Zuzanna Adułło i Barbara Zastawna to jedne z bohaterek pomocy uchodźcom. Wraz z innymi mieszkankami Krosna Odrz. stworzyły Półki Dobra. Zorganizowały regały, znalazły tłumacza języka ukraińskiego, który pomógł im je opisać i przez siedem dni w tygodniu, bez przerw, segregowały i układały na nich ubrania. Po to, by matki z dziećmi, którzy dotarli do naszego regionu mieli się w co ubrać i przetrwali pierwsze i najcięższe dni na emigracji. Na scenie otrzymały podziękowania od marszałek Elżbiety Anny Polak, burmistrza Krosna Odrz. Marka Cebuli i senatora Wadima Tyszkiewicza, upominek oraz wielkie brawa od zebranej na plaży publiczności. – Jesteśmy jedynie przedstawicielkami grupy dziewcząt. Każdego dnia, po pracy, przychodziliśmy, pomagaliśmy i niejako przy okazji zaprzyjaźniliśmy się ze sobą – mówiła Zuzanna Adułło.

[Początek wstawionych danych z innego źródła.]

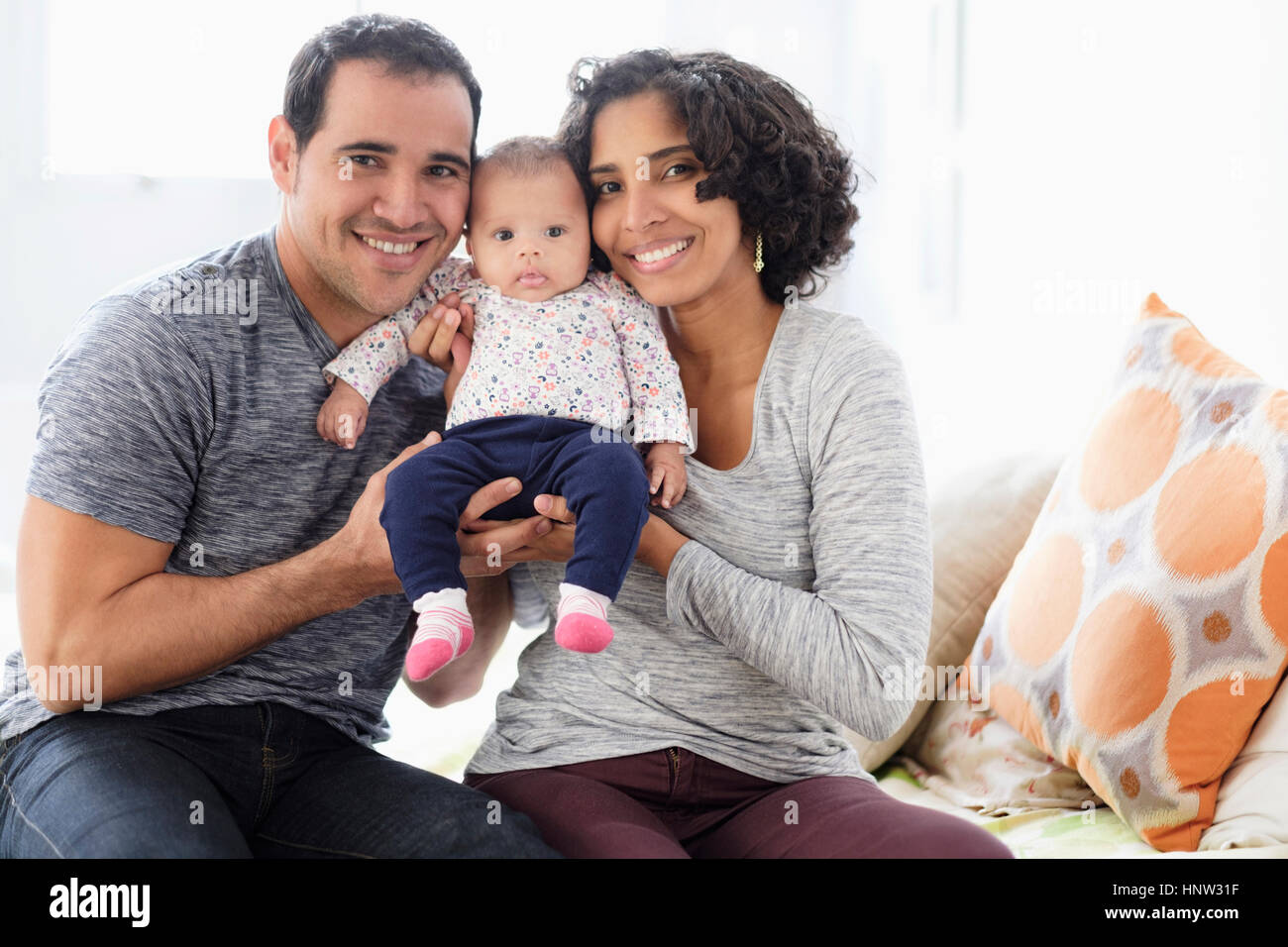 Hispanic mother and father posing with baby daughter Stock Photo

Wcześniej, bo przed pierwszym koncertem, zebrani na terenie ośrodka Temar w Dąbiu mogli także obejrzeć filmy dokumentujące pomoc uchodźcom. – Cały świat zobaczył wielkie serca Polek i Polaków. Jestem wdzięczna organizacjom pozarządowym, wolontariuszom. Kochane dziewczyny, dziękuję Wam, trwajcie w pomaganiu – przekazała marszałek Elżbieta Anna Polak.
– Polacy stanęli na wysokości zadania. Nie urzędnicy, ale zwykli ludzie. Wiem, że potrafimy się przyzwyczaić do wielu rzeczy, także do tego, że za naszą granicą wciąż trwa wojna. Ale mam nadzieję, że tak się nie stanie, że wciąż będziemy pomagać – dodał senator Wadim Tyszkiewicz.

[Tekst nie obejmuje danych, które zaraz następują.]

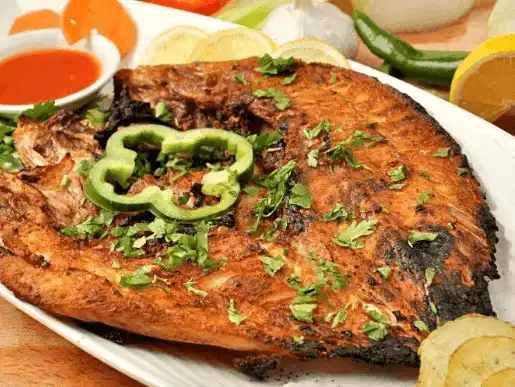 Grilled fish garnished with green peppers and herbs, a delightful seafood option.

– Samorząd to nie tylko rządzący gminami czy regionami. Samorząd to my wszyscy. Dlatego to dla nas zaszczyt, że możemy Was uhonorować i Wam podziękować – podkreślił burmistrz Marek Cebula.

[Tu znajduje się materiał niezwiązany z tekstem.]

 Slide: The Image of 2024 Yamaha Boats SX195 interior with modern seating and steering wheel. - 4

Do pomocy uchodźcom jako pierwsi zgłosili się zwykli Polacy. Nie trudno dostrzec, że z taką samą sytuacją mamy do czynienia teraz, kiedy w Odrze doszło do katastrofy ekologicznej. – Tutaj, niedaleko Dąbia, wędkarze i wolontariusze walczą o zdrowie Lubuszan i o nasze środowisko. Im także chcemy podziękować. Ale też musimy ostrzec: nie zbliżajcie się do rzeki – poprosiła lubuska marszałek.
– Pamiętajmy, że tam są zwykli ludzie, którzy zbierają truchła ryb, by ratować ludzi i zwierzęta – podkreślił Wadim Tyszkiewicz.
W sobotę muzycznymi gwiazdami byli wykonawcy, których Lubuszanie dobrze znają. Zaśpiewali pochodząca z naszego regionu Ewelina Flinta oraz zespół Raz Dwa Trzy, który powstał w klubie studenckim w Zielonej Górze. To był magiczny wieczór na plaży ośrodka Temar, gdzie przez całe wakacje odbywają się koncerty w ramach Lubuskiego Lata Kulturalnego.